• _Task brief_
Your task is to return, word for word, only the lines from the line with "Menang Besar di" through the close of the data. Exclude all pictures.

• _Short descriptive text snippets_
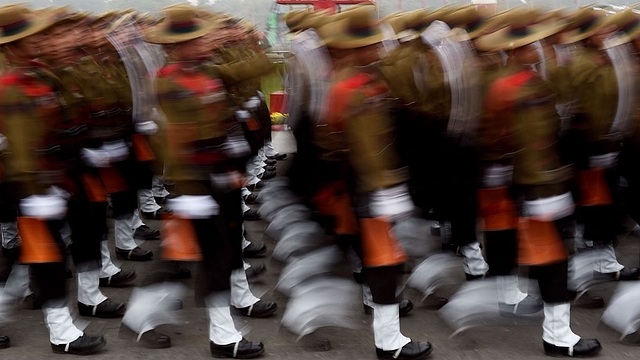 Assam rifles (MONEY SHARMA/AFP/Getty Images)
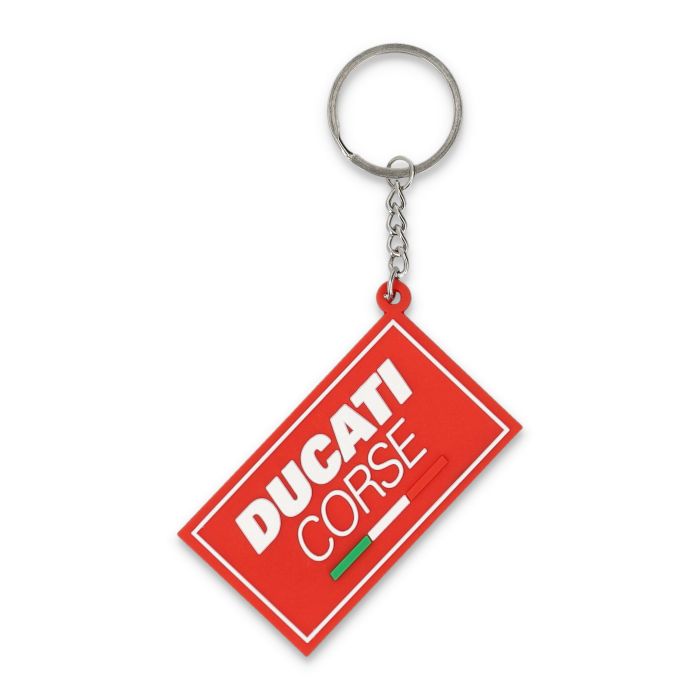 Porte-clés Ducati Corse - Logo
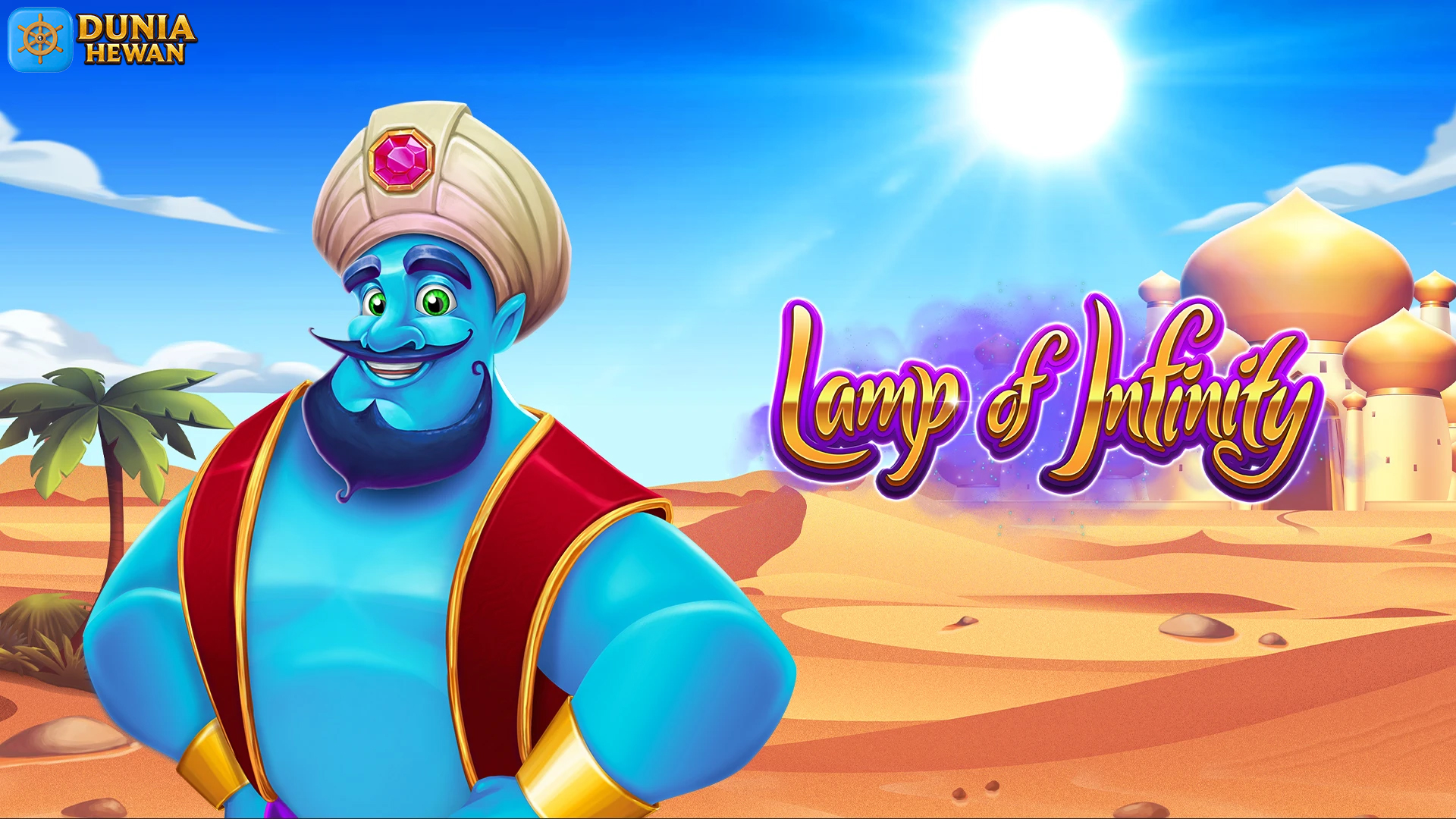 Menang Besar di Slot Lamp Of Infinity Penuh Rahasia Tersembunyi
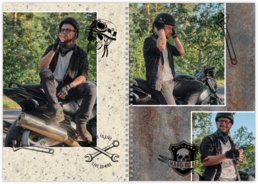 Fotolibro Perfetto: Rilegatura a Spirale - Moto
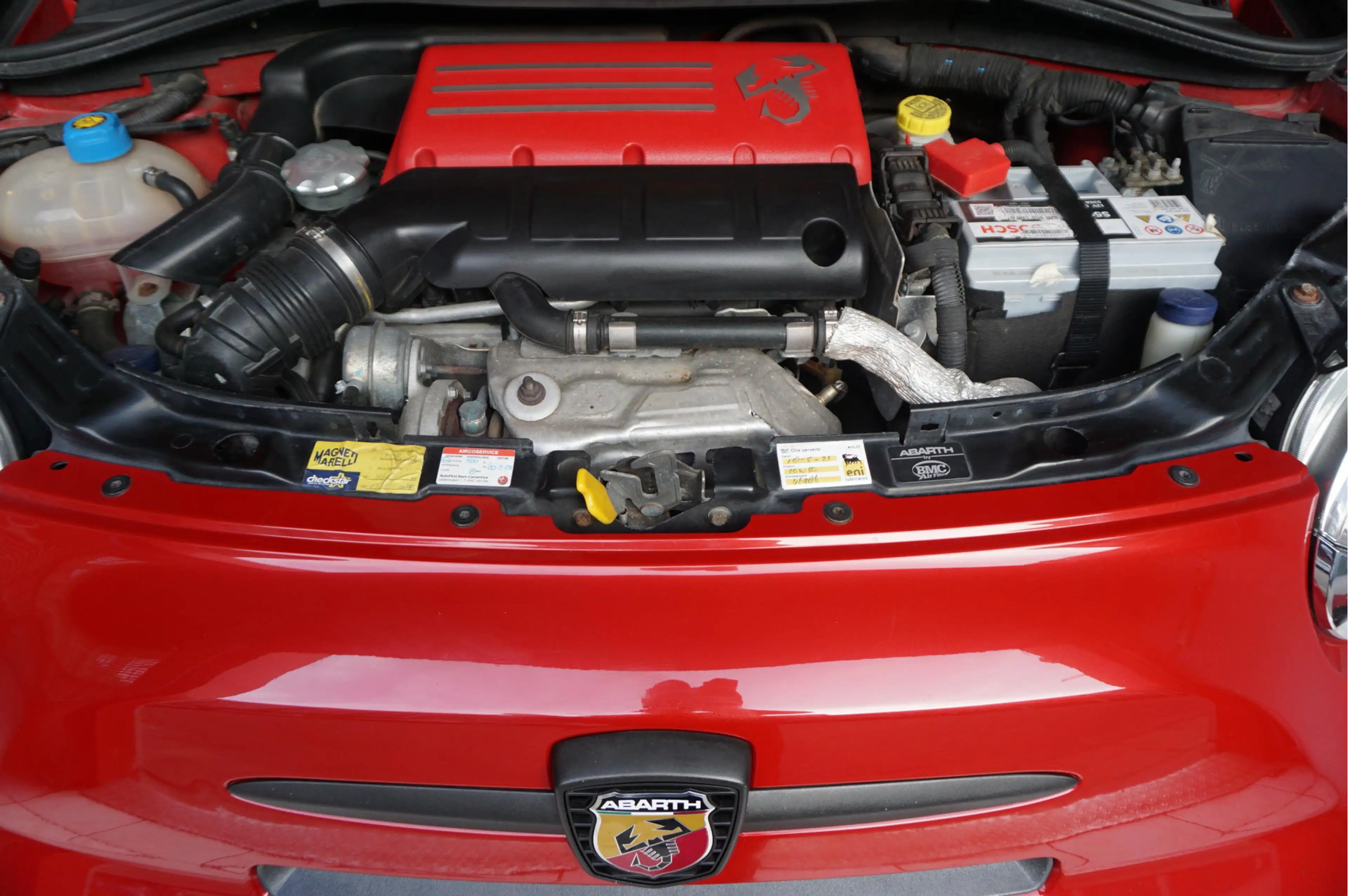 Fiat 500 Abarth 1.4 T-Jet 595 Competizione BREMBO | CARBON | INTER — photo 11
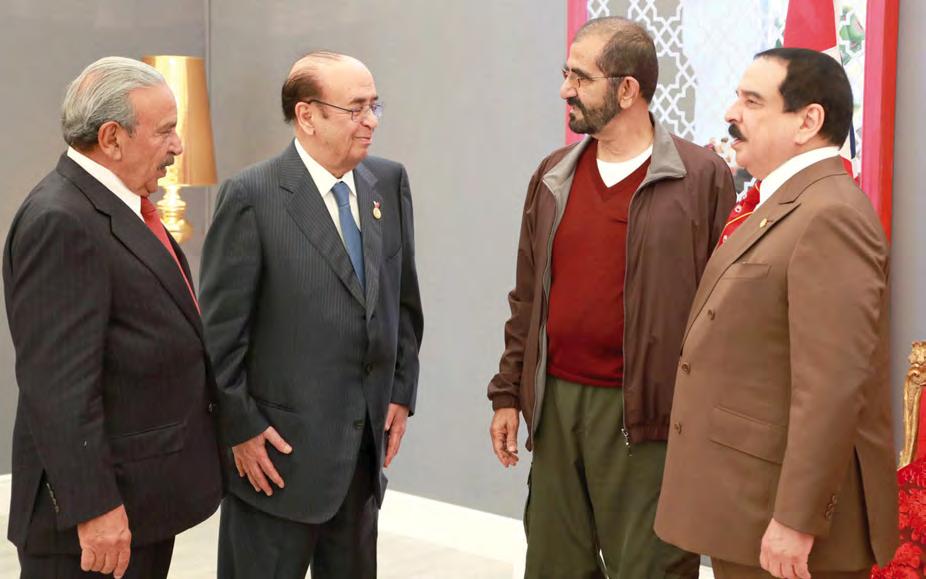 التي حتظى ب شعبية كبرية التقى حضضرة صصاحب الجلالة الملك حمد بن عيسسى ا ل خليفة عاهل البلاد المفدى ا مس بصصاحبة الجلالة الملكة ا ليزابيش الشانية ملكة المملكة المتهدة وش مال ايرلندا وصصاحب السسمو الش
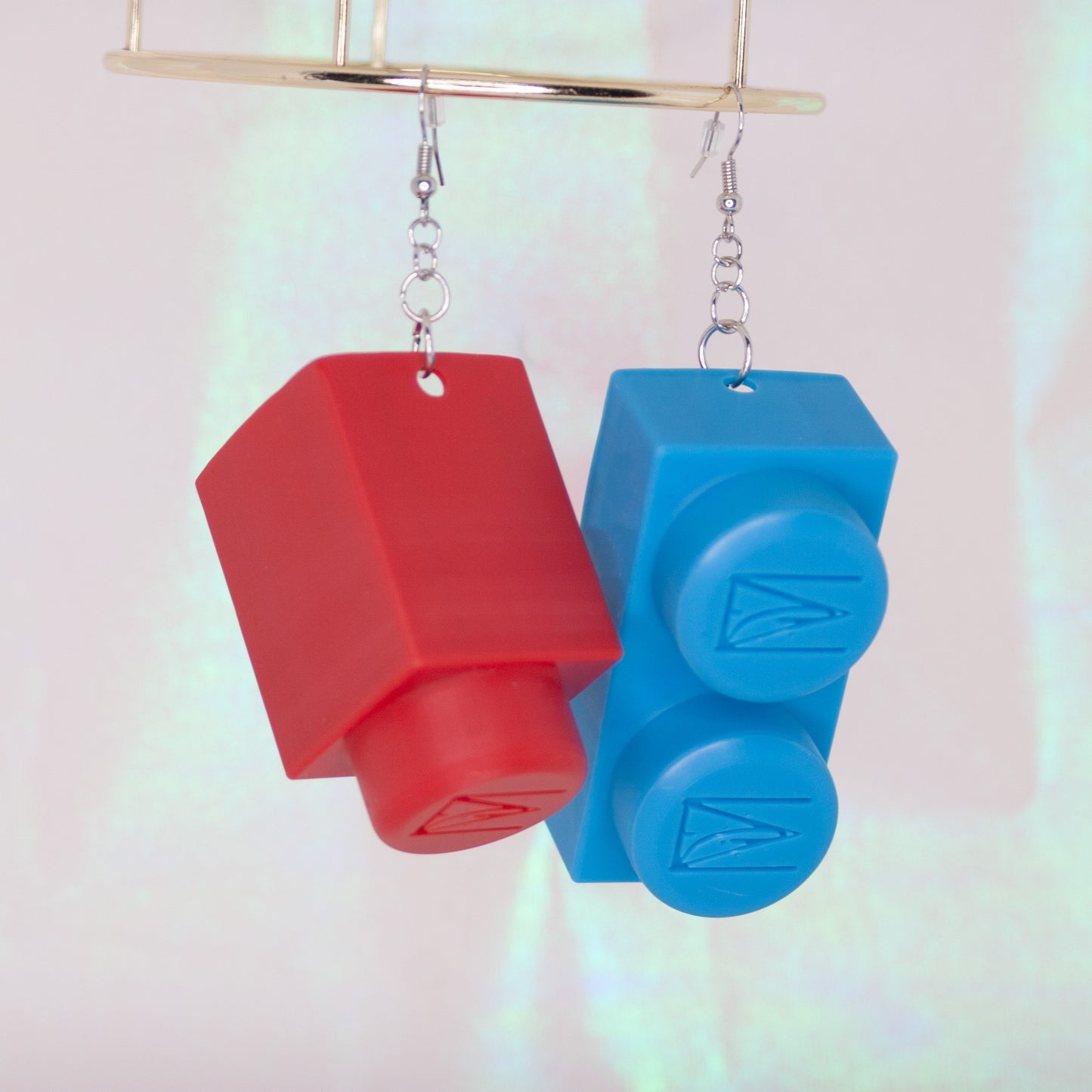 PRE-ORDER: Block Earrings (Single & Double)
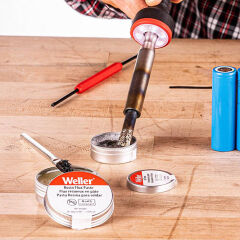 Weller WLIR8023C 80W Led'li Lehim Makinesi Kalem Havya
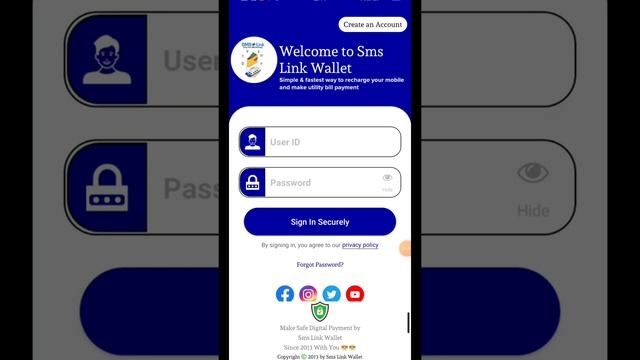 SMS LINK WALLET B2B Multi Recharge app the best and genuine recharge application and commission смотреть онлайн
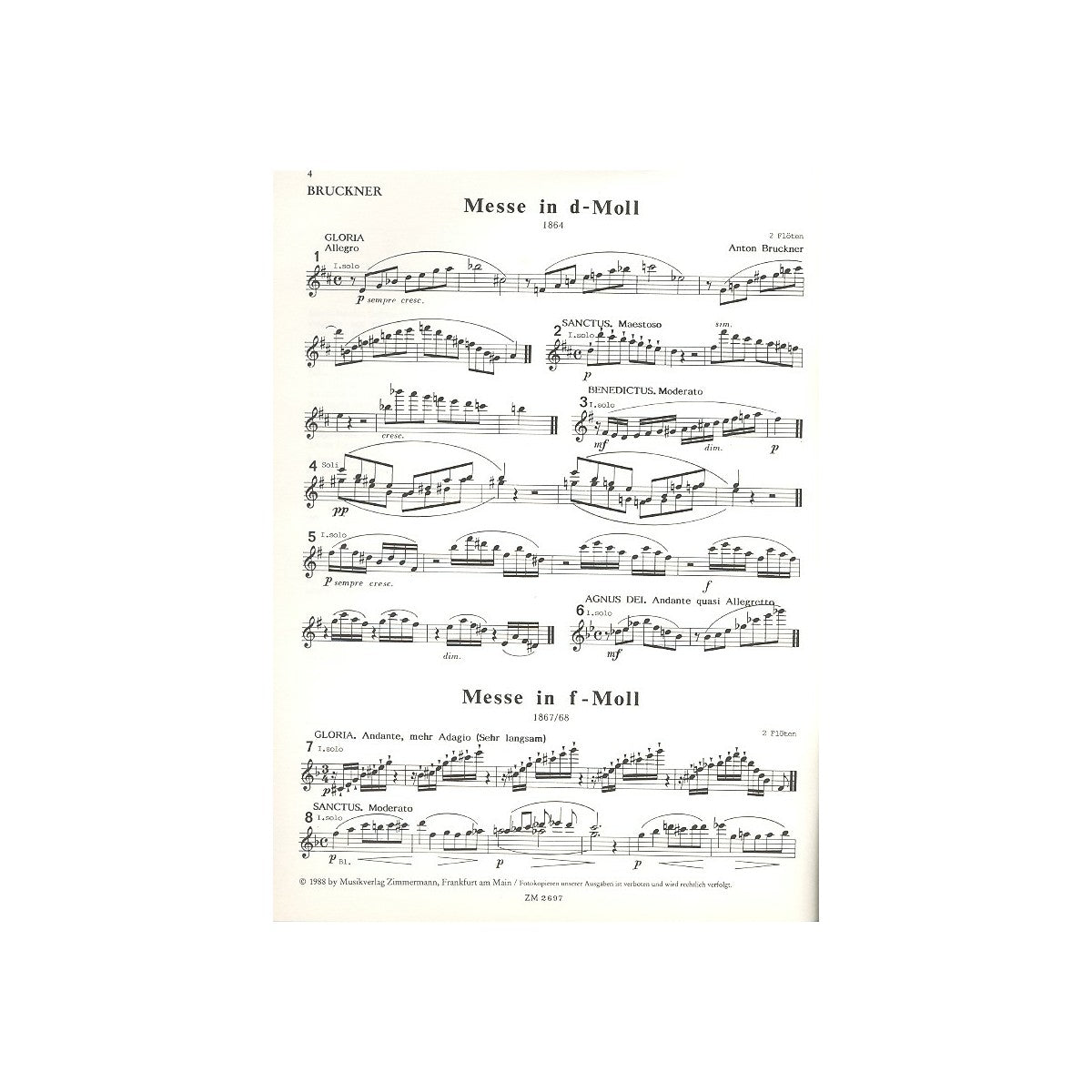 Orchesterstudien Bruckner/Reger View 2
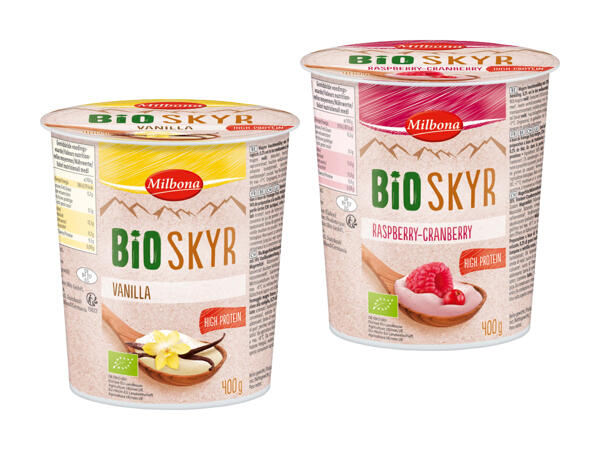 Skyr aux fruits bio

• _Output_
 Menang Besar di Slot Lamp Of Infinity Penuh Rahasia Tersembunyi
 Fotolibro Perfetto: Rilegatura a Spirale - Moto
 Fiat 500 Abarth 1.4 T-Jet 595 Competizione BREMBO | CARBON | INTER — photo 11
 التي حتظى ب شعبية كبرية التقى حضضرة صصاحب الجلالة الملك حمد بن عيسسى ا ل خليفة عاهل البلاد المفدى ا مس بصصاحبة الجلالة الملكة ا ليزابيش الشانية ملكة المملكة المتهدة وش مال ايرلندا وصصاحب السسمو الش
 PRE-ORDER: Block Earrings (Single & Double)
 Weller WLIR8023C 80W Led'li Lehim Makinesi Kalem Havya
 SMS LINK WALLET B2B Multi Recharge app the best and genuine recharge application and commission смотреть онлайн
 Orchesterstudien Bruckner/Reger View 2
 Skyr aux fruits bio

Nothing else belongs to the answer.